Working data:
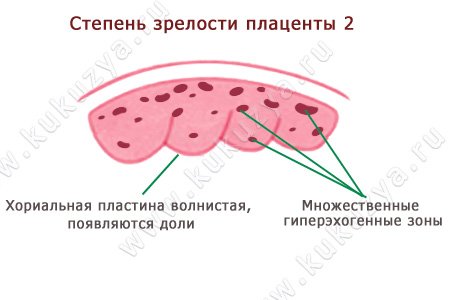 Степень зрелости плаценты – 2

--

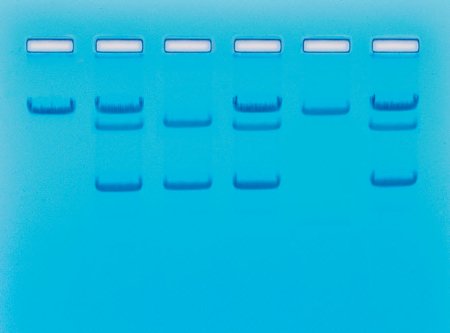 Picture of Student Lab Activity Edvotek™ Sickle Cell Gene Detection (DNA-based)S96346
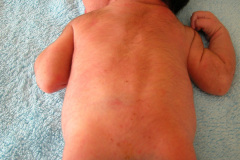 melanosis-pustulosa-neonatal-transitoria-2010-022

Problem statement: Output only the lines above from the one containing "Picture of Student" to the one containing "melanosis-pustulosa-neonatal-transitoria-2010-022", both included, exactly as written and with no pictures.

Answer:
 Picture of Student Lab Activity Edvotek™ Sickle Cell Gene Detection (DNA-based)S96346
 melanosis-pustulosa-neonatal-transitoria-2010-022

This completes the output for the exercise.